* _What the task asks_:
Reproduce the records below in full and exactly, without their images.

* _Short text fragments from websites_:
━━━━━━━━━━━━━━━━━━━━━━━━━━━━━━

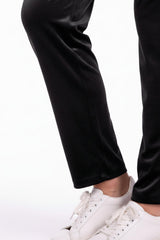 Schwarze Samt - Jogginghose Mit Geradem Bein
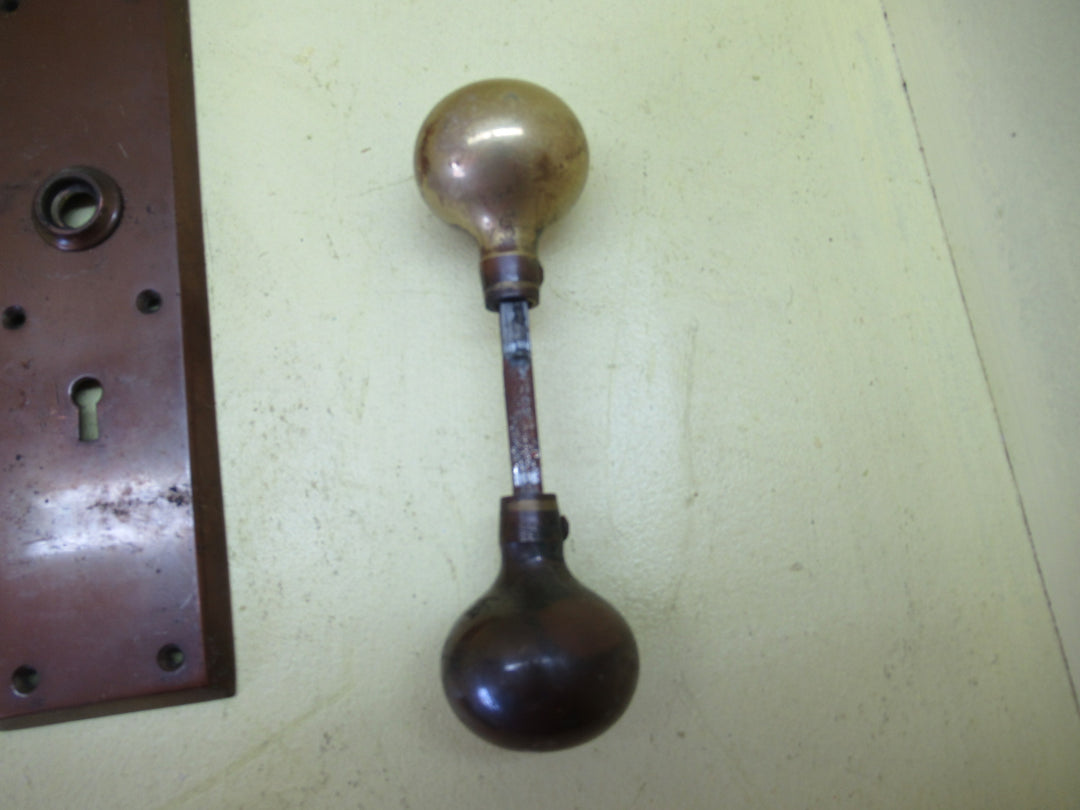 Vintage Sloped Rectangle Plate with Knob Handle and Mortice Lock 230L x 67W x 8D/Knob 60H x 45Dia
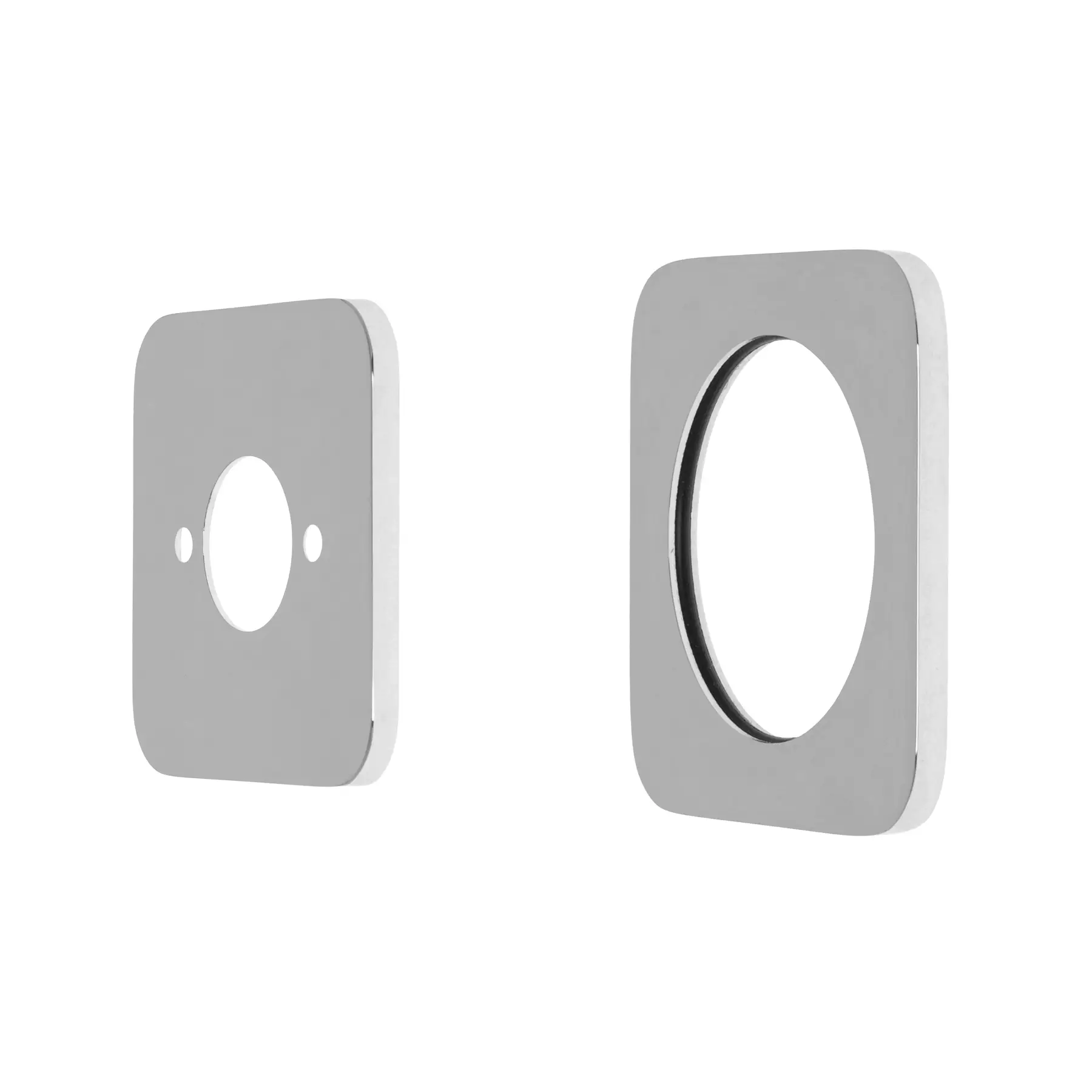 Soft Square 60mm Plates for Kiki/Jena Wall Mixer with Spout, Polished Chrome - Image 3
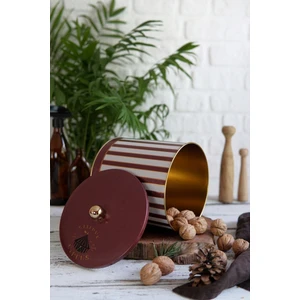 ER147-1F Circus Cream Desenli Yuvarlak Metal Saklama Kabı 17.5 cm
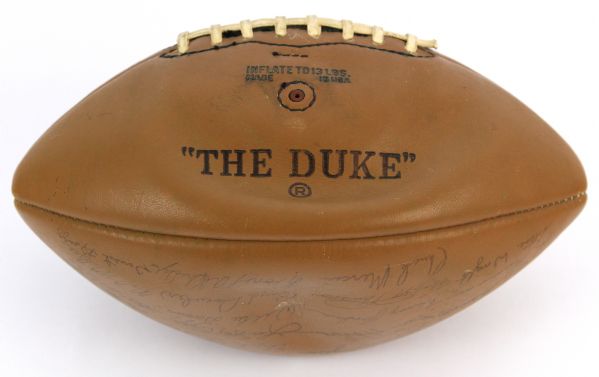 1966 Green Bay Packers "Super Worlds Champs" Facsimile Stamped Team Signature Football 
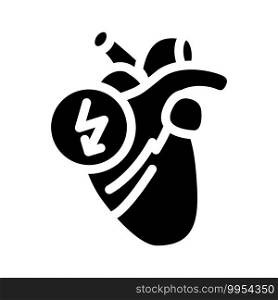 heart cutting ache glyph icon vector. heart cutting ache sign. isolated contour symbol black illustration. heart cutting ache glyph icon vector illustration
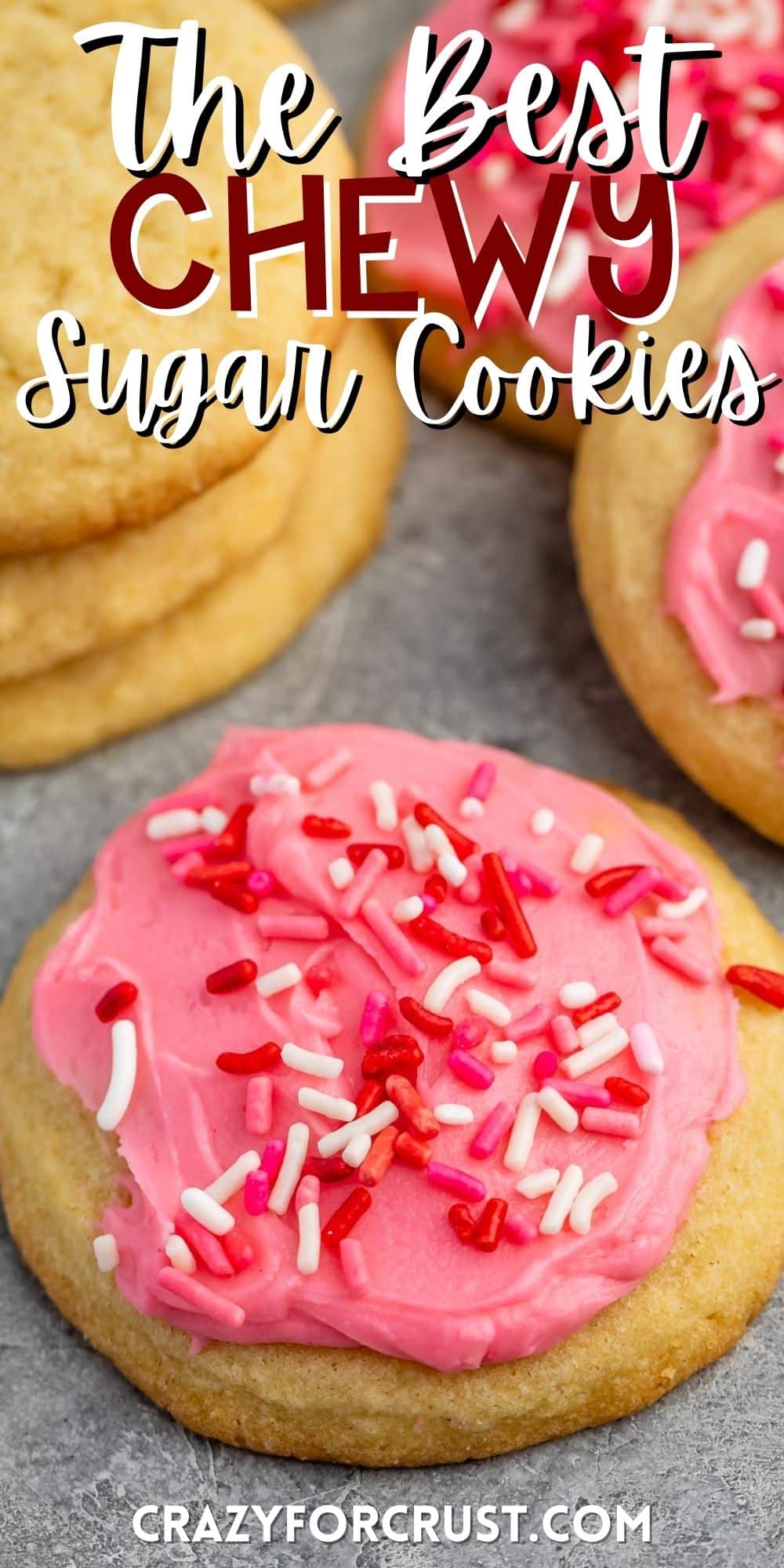 sugar cookie with pink frosting and red sprinkles with words on the image.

━━━━━━━━━━━━━━━━━━━━━━━━━━━━━━

* _Answer section_:
 Schwarze Samt - Jogginghose Mit Geradem Bein
 Vintage Sloped Rectangle Plate with Knob Handle and Mortice Lock 230L x 67W x 8D/Knob 60H x 45Dia
 Soft Square 60mm Plates for Kiki/Jena Wall Mixer with Spout, Polished Chrome - Image 3
 ER147-1F Circus Cream Desenli Yuvarlak Metal Saklama Kabı 17.5 cm
 1966 Green Bay Packers "Super Worlds Champs" Facsimile Stamped Team Signature Football 
 heart cutting ache glyph icon vector. heart cutting ache sign. isolated contour symbol black illustration. heart cutting ache glyph icon vector illustration
 sugar cookie with pink frosting and red sprinkles with words on the image.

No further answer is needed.